Almost a quarter of apps that contain Android’s explicit power control APIs, or wakelocks, may have major battery-draining bugs.
Purdue University researchers say that this new class of smartphone software glitches, which they term no-sleep energy bugs, can entirely drain batteries while the phones aren’t in use.
“These energy bugs are a silent battery killer,” says professor of electrical and computer engineering Y Charlie Hu. “A fully charged phone battery can be drained in as little as five hours.”
Because conserving battery power is so important, the industry has adopted an aggressive sleep policy that means smartphones are always in a sleep mode, by default.
“When there are no active user interactions such as screen touches, every component, including the central processor, stays off unless an app instructs the operating system to keep it on,” says Hu.
However, various background operations need to be performed while the phone is idle, for example, a mailer needing to automatically update email by checking with the remote server.

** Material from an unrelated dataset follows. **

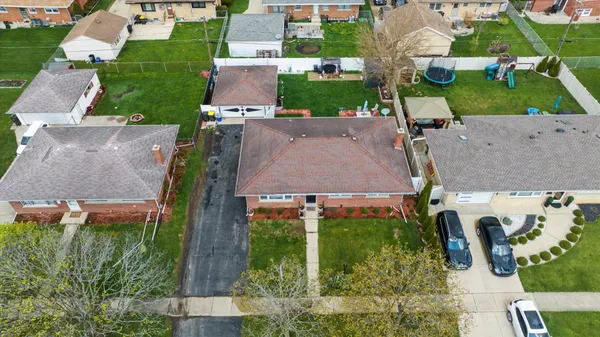 $489,999 | 581 Welter Drive, Wood Dale, IL 60191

To stop the phone going to sleep at such times, manufacturers make APIs available to app developers that instruct the phone to stay awake long enough.
“App developers have to explicitly juggle different power control APIs that are exported from the operating systems of the smartphones,” says Hu.
“Unfortunately, programmers are only human. They make mistakes when using these APIs, which leads to software bugs that mishandle power control, preventing the phone from engaging the sleep mode. As a result, the phone stays awake and drains the battery.”
What’s surprising is the scale of the problem. When the researchers studied 187 Android applications containing the wakelock APIs, 42 were found to contain errors.
“We’ve had anecdotal evidence concerning these no-sleep energy bugs, but there has not been any systematic study of them until now,” says professor Samuel Midkiff.
The bugs are invisible to users.
“You don’t see any difference,” says Hu. “You put it in your pocket and you think everything is fine. You take it out, and your battery is dead.”
While the researchers concentrated on Android phones, the same types of bugs appear to affect other brands too, says Hu.